With forty-nine Democrats in next year's Senate, the votes exist, in theory, to win a cloture vote on a filibuster, and thus to block a judicial nominee. But whether the option is possible in purely practical terms--it obviously is--does not settle the question of whether it is a legitimate method of handling an objectionable nominee.
The use of the filibuster is undemocratic, and unquestionably so, to the extent that democracy is equated with simple majority rule. But if democracy is seen as a more complex process in which minorities, too, deserve a voice--and which even recognizes that public officials who belong to a political minority may nonetheless represent majority views on certain issues--then filibusters may have a legitimate role to play.
Because of its potent nature, the filibuster is a means not simply of counting heads, but of assessing the intensity of views on a given subject. Simply put, the use of the filibuster raises the stakes in a debate, signaling to the public that an issue, or a nominee, is worth getting exercised over.
An obstructive filibuster, unsupported by popular opinion, is obviously a dangerous game. Were the Democratic minority to start cavalierly holding up Republican legislation and blocking Bush administration nominees who do not fall into the extremist category, it would likely pay a heavy price in the next elections.
Because the potential costs of an incautious filibuster are so obvious, the Democrats have opted not to filibuster even in situations where the temptation to employ the tactic must have been strong. (To cite a recent example: there was no filibuster during the battle to confirm Attorney General John Ashcroft, an extremist by any measure, although if the anti-Ashcroft contingent had held together, the appointment could have been blocked.)
But an extremist judge, even more so than an extremist attorney general, merits a defensive filibuster. Unlike members of the executive branch, who leave office with the President who nominated them, if not before, members of the federal judiciary are there for life. Indeed, through the jurisprudential doctrine of stare decisis, a judge or justice's repugnant views may far outlast his or her own tenure in the judiciary.

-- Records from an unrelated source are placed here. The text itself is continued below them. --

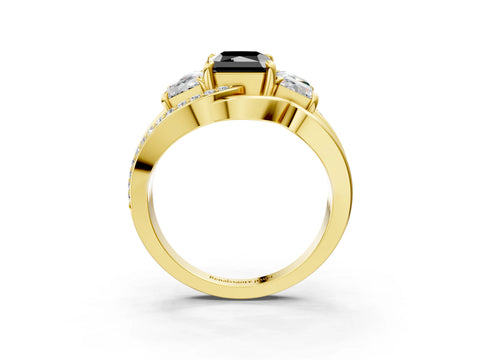 Yellow gold Three-Stone Fancy Black Radiant Cut Cut Diamond Split Shank Prong Set Ring_15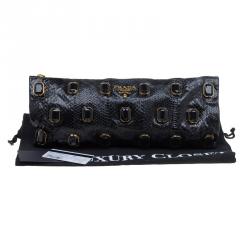 Pre Owned Prada Black Python Embellished Jewel Oversized Clutch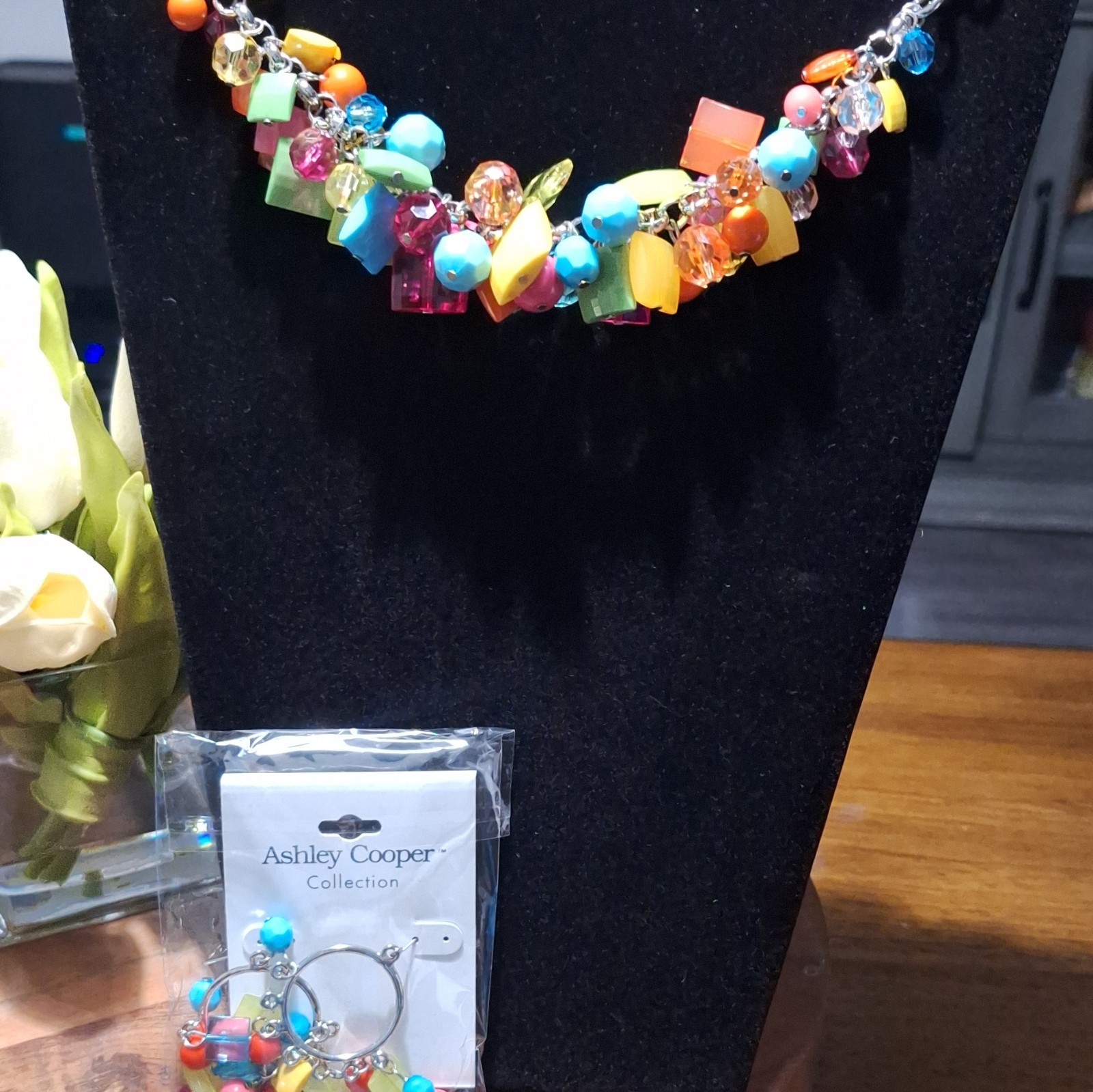 Ashley Cooper Collection Multicolor Plastic Beaded Necklace + Hoop Earrings Set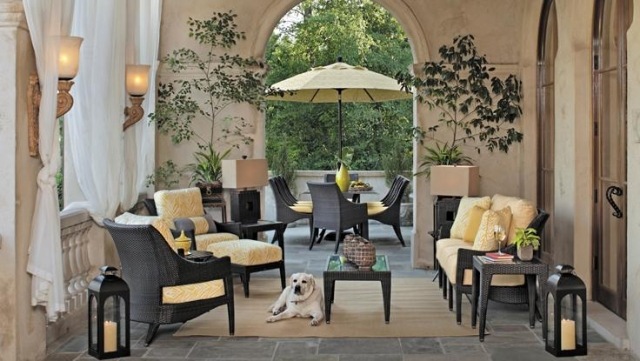 udendørs design ideer finde inspiration parasol lampe hund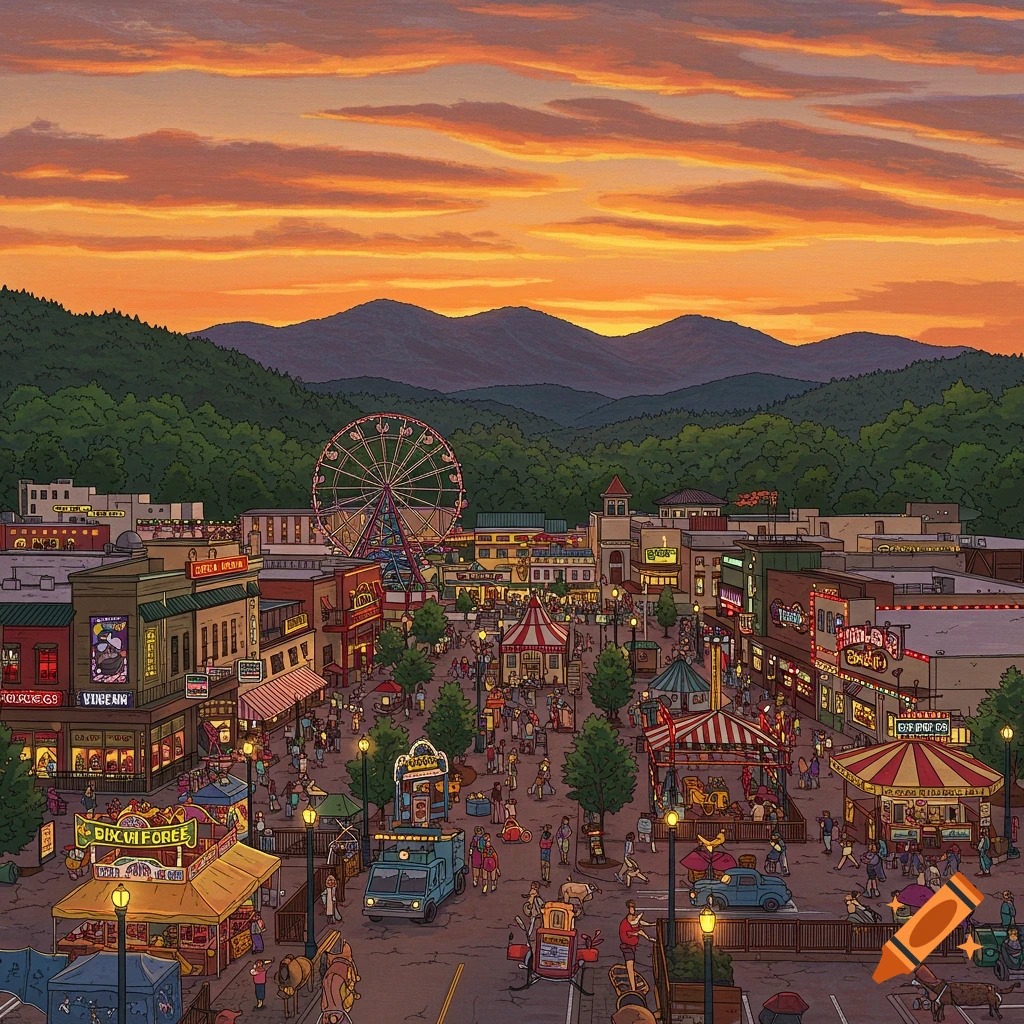 Illustration of a busy fairground with a Ferris wheel at sunset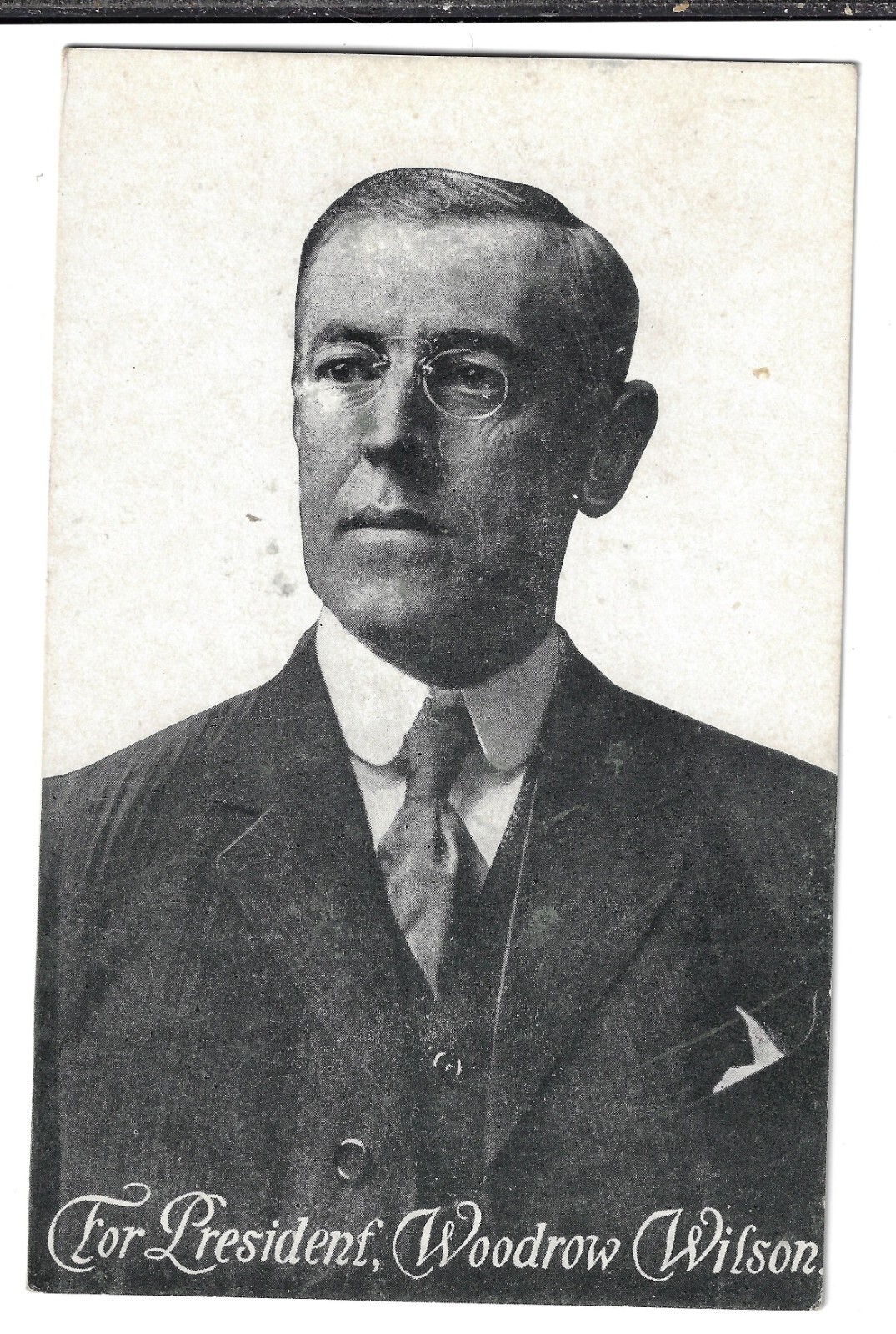 1912 Woody Wilson B&W Adv Back Campaign Postcard from Set of 3 Matches TR & Taft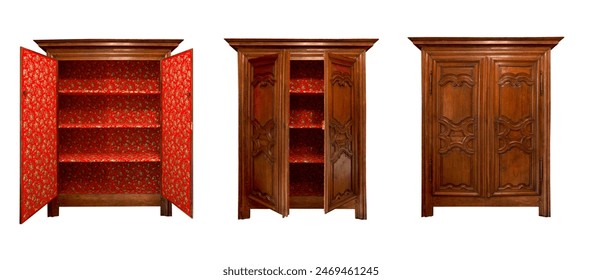 Antique cabinet open, half-open and closed - Powered by Shutterstock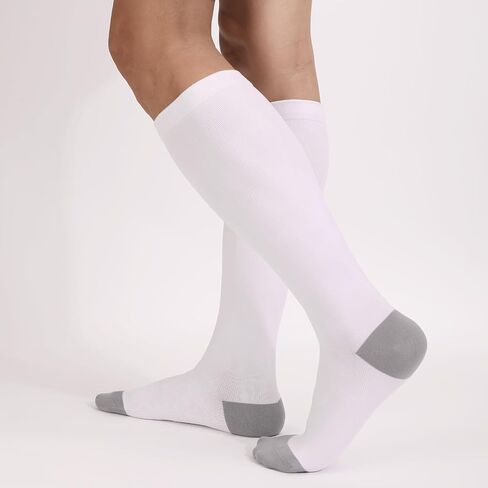 Wide Calf Compression Socks for Women Men, Plus Size Knee High 20-30mmHg Sock Pregnant Nurses Doctors Travel 3Pairs in Saudi Arabia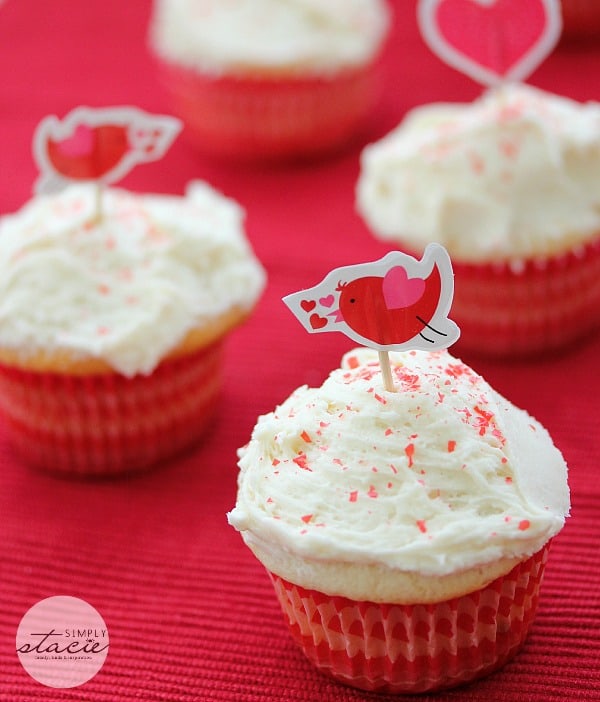 Valentine's Day Cupcakes - A delicately sweet cupcake topped with a creamy traditional buttercream icing is the perfect way to show the love of your life how much you care. These cupcakes can be dressed up for any occasion by using themed liners and different toppings.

If the ugly legacy of the most objectionable rulings of the 1940s Supreme Court is not enough to remind Democratic Senators of the need to act as a moderating force against far right judicial nominees, they should consider the many fundamental issues with which the courts are currently grappling: racial discrimination, abortion, the line between security and privacy in the fight against terrorism, the death penalty, and environmental regulation, among others.
No More Scalias
The Senate may not be able to block every far right extremist that President Bush tries to appoint to the judiciary. But if another Rehnquist is to join his brethren on the Supreme Court--or another Scalia, or another Thomas--the Senate's moderate members should at least put up a good fight.